**PROBLEM TO SOLVE**
Once you find the line below that has "KÉRASTASE Bain Satin", output it and every line after it exactly, stopping after the line that has "2023 Ram 1500", with no pictures.

**DATASET RECORDS**
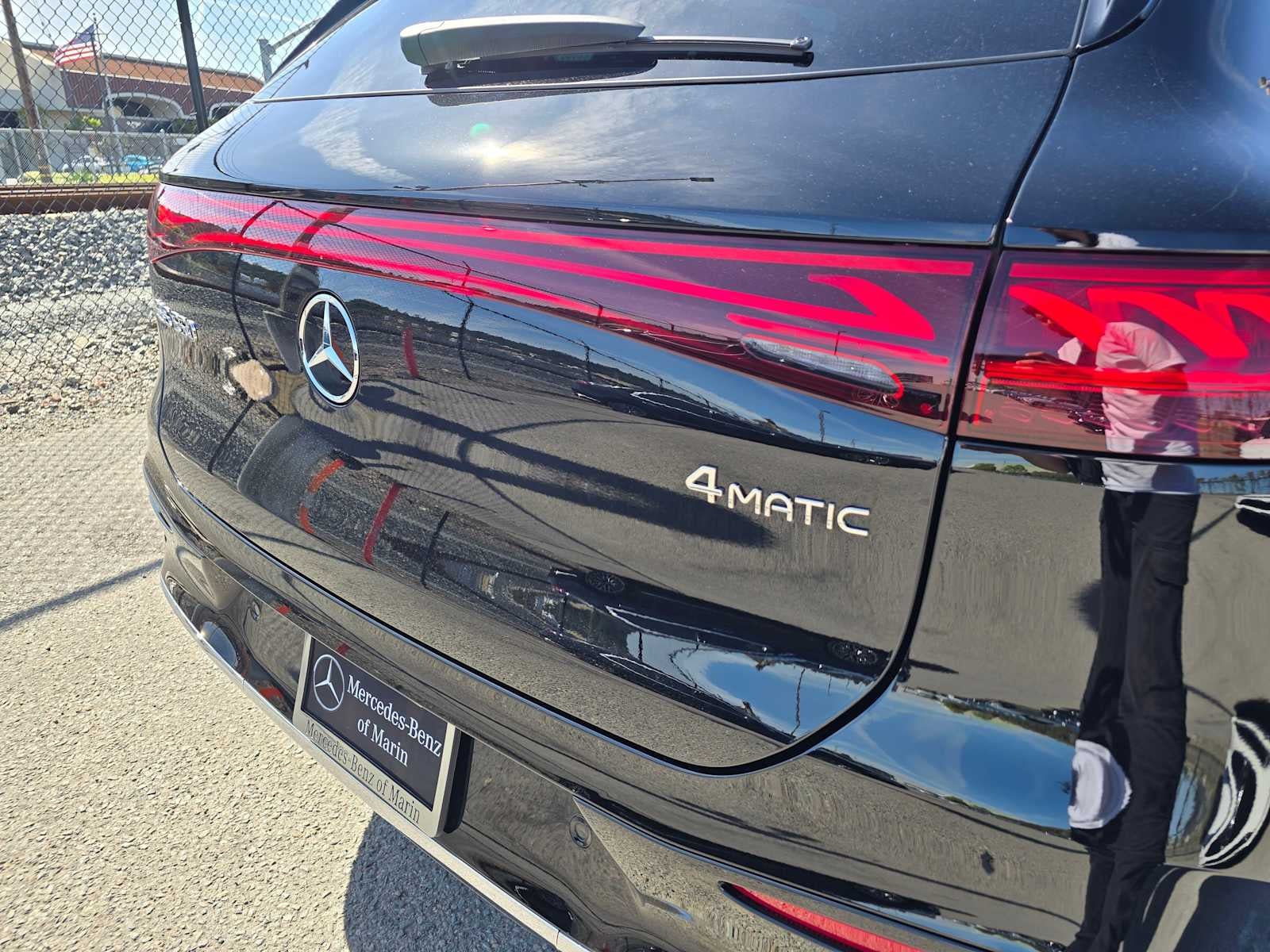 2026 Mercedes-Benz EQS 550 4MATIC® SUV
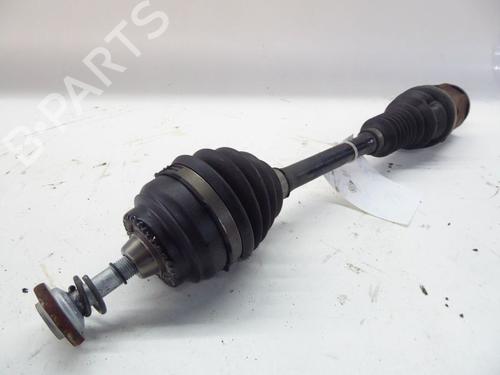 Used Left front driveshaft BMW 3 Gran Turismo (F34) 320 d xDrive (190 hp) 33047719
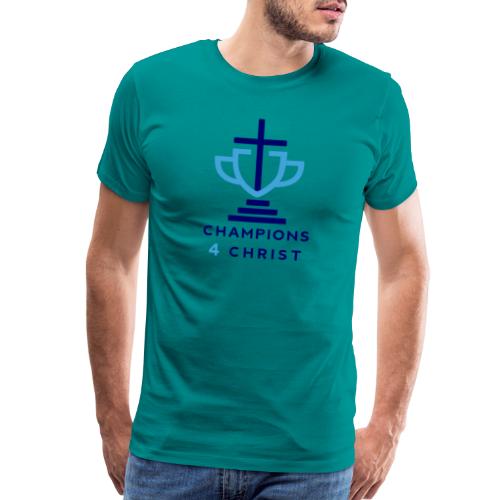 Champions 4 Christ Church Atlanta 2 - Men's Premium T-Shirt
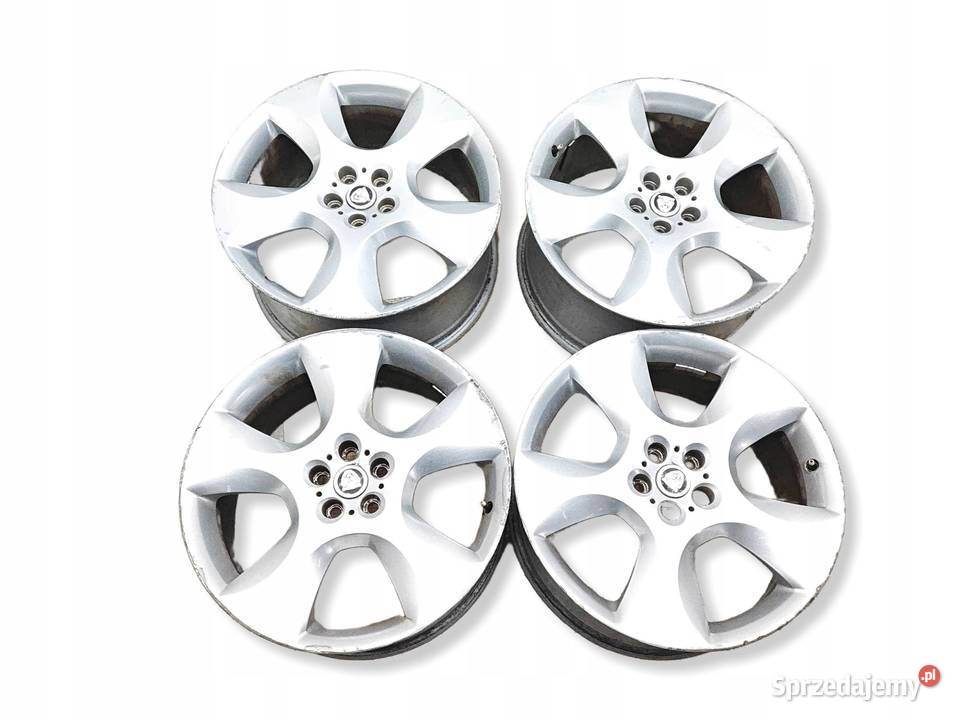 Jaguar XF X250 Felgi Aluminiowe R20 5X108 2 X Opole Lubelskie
...
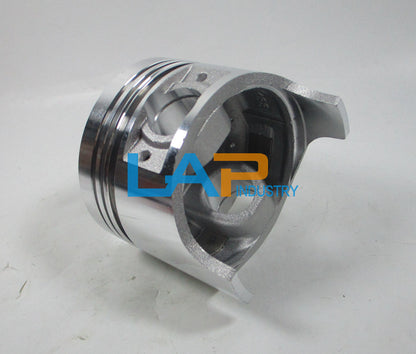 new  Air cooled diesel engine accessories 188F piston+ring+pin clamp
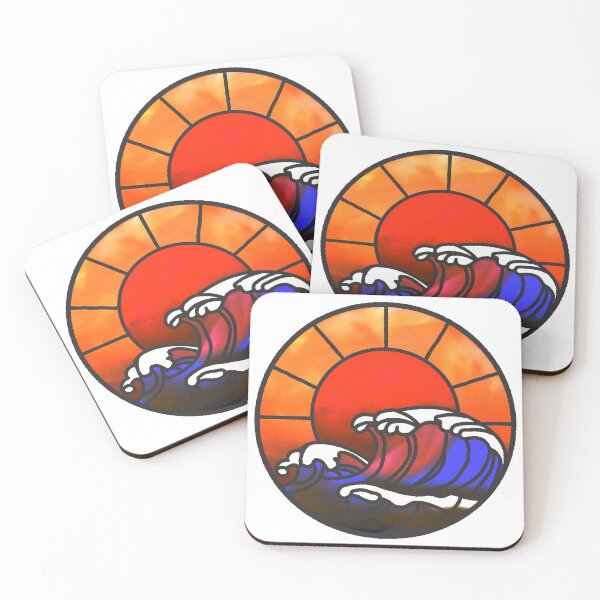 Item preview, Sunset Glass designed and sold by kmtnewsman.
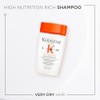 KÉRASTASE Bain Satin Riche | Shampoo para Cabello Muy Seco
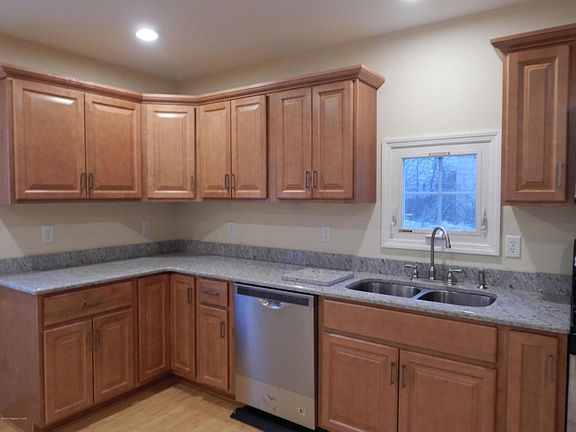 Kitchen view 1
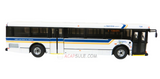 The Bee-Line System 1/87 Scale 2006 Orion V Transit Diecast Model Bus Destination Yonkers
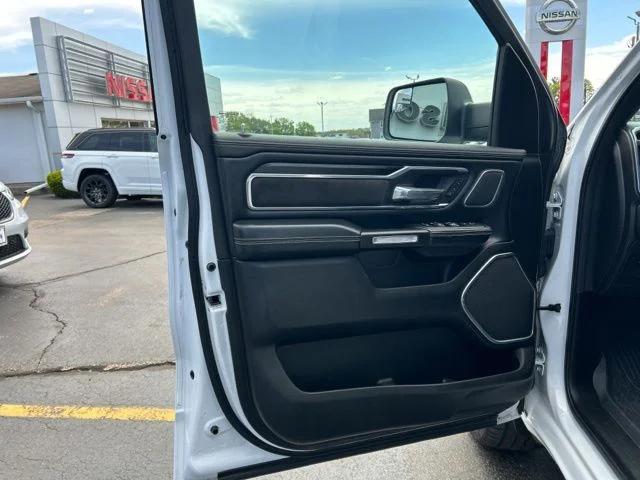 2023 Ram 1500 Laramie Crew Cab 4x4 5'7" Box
==
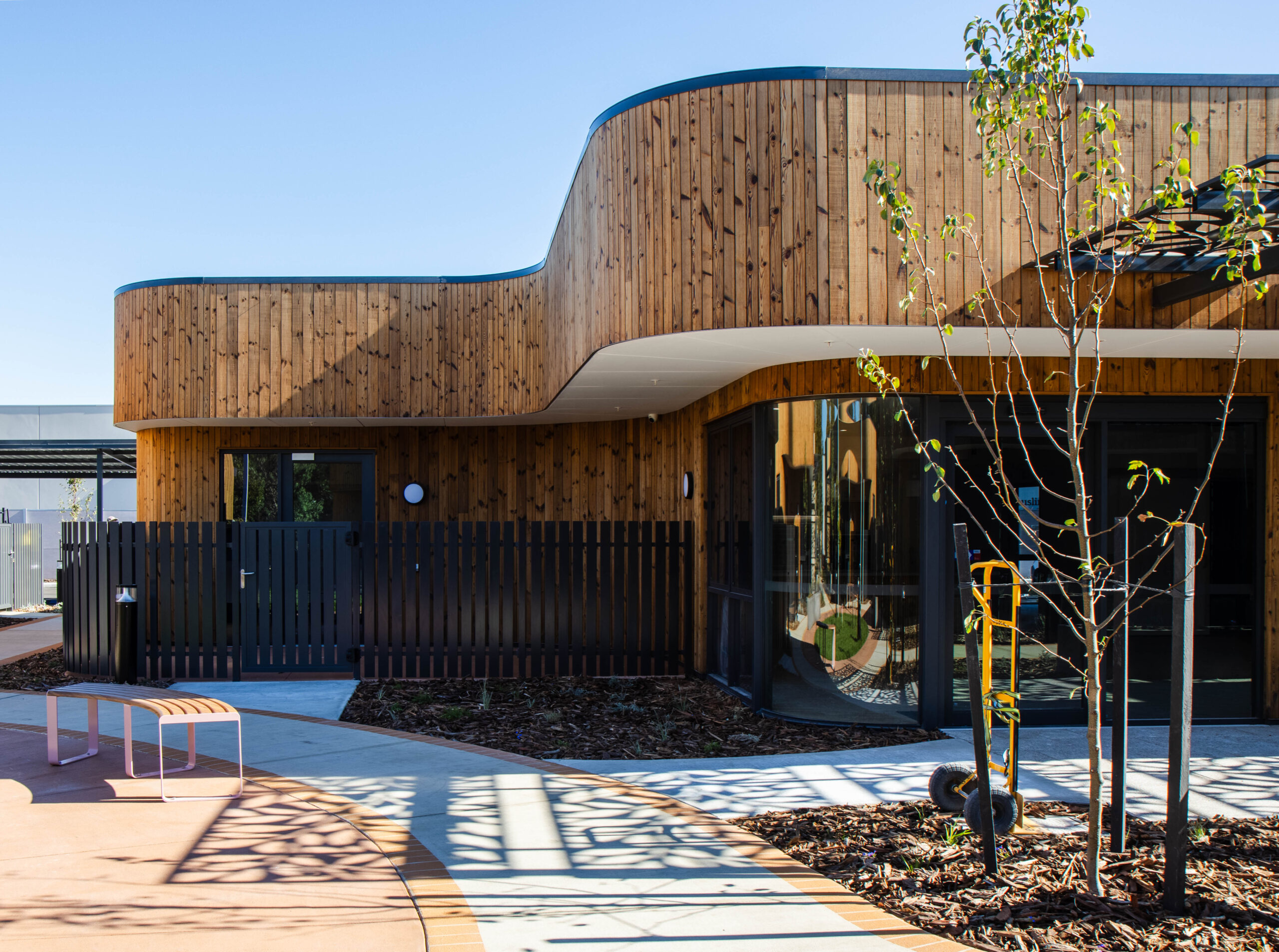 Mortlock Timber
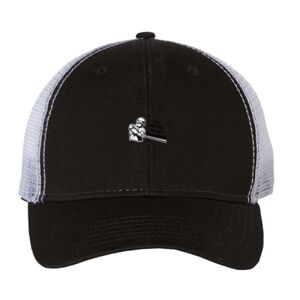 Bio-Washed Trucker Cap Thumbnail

**OUTPUT OF THE EXERCISE**
 KÉRASTASE Bain Satin Riche | Shampoo para Cabello Muy Seco
 Kitchen view 1
 The Bee-Line System 1/87 Scale 2006 Orion V Transit Diecast Model Bus Destination Yonkers
 2023 Ram 1500 Laramie Crew Cab 4x4 5'7" Box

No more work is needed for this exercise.